It allows us to deepen our understanding of society by straying away from biased interpretations that consider the male point of view as being universally applicable in all contexts and thus distort any resulting theoretical constructs or empirical analyses.
It sparks critical thought and equips students with new tools for identifying gender stereotypes, norms and roles. Likewise, it encourages them to question the social constructs governing society and to develop competencies to overcome blindspots gender perspective that they can apply in their personal and professional lives.
It does away with androcentrism to highlight the situation women are in and dismantles explanations of gender differences that are tainted by stereotypes that have been seen over and over again. It also helps by increasing the amount of women-led research being cited in teaching guides, thereby highlighting women leaders in academia.
It sparks insightful questions related to the learning environment, such as classroom interactions (for example, differences in the frequency of interventions made my male and female students), professor-student relationship dynamics and language use.
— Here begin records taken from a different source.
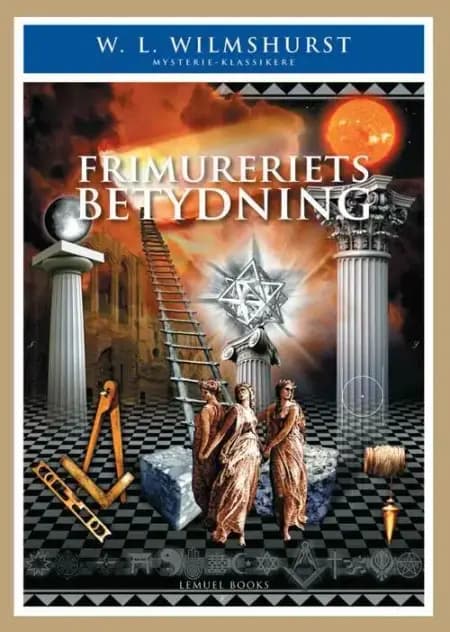 Frimureriets Betydning af W. L. Wilmshurst
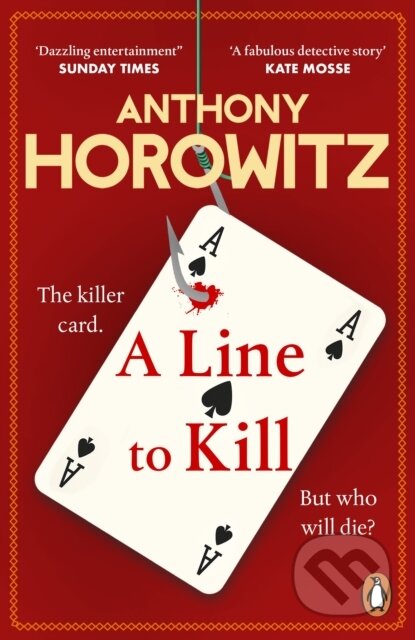Kniha: A Line to Kill (Anthony Horowitz). Cornerstone, 2022 Kniha: A Line to Kill (Anthony Horowitz). Cornerstone, 2022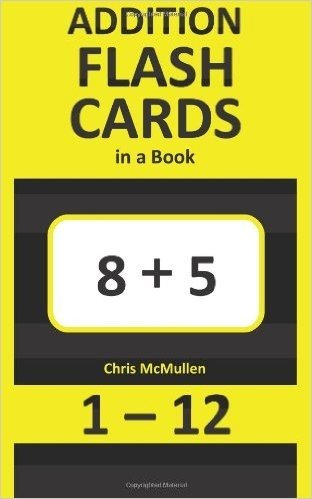 Addition Flash Cards in a Book: Ordered and Shuffled 1-12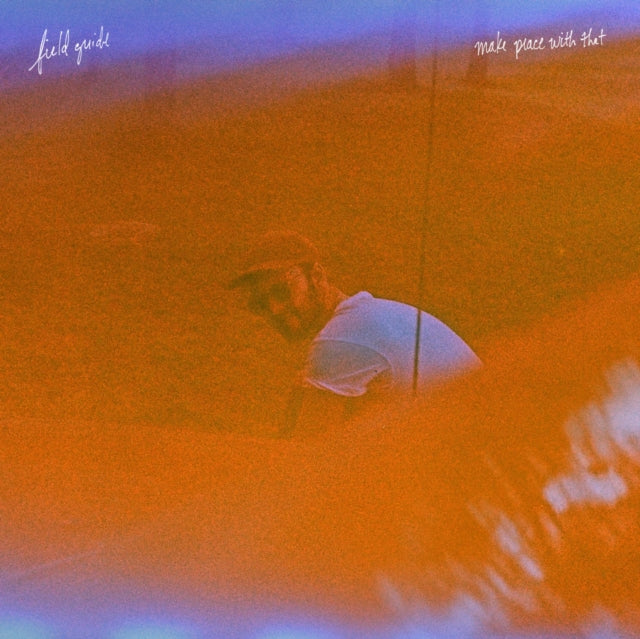FIELD GUIDE | MAKE PEACE WITH THAT | VINYL RECORD (LP)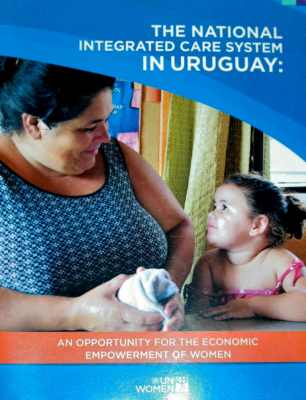 The National Integrated Care System in Uruguay : an Opportunity for the Economic Empowerment of Women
TEACHING METHODOLOGY AND ASSESSMENT
It impels teachers to pay attention to any differences between the learning outcomes of their female and male students and to question whether they may have something to do with their teaching and assessment methodologies, thus opening the door to new, innovative models.
This lets us reflect on the professional and organizational culture of the discipline itself. The number of female and male students and teaching staff on programmes is a sign not only of gender differences in access to the programmes, but also of the discipline's historical construction based on social roles and stereotypes.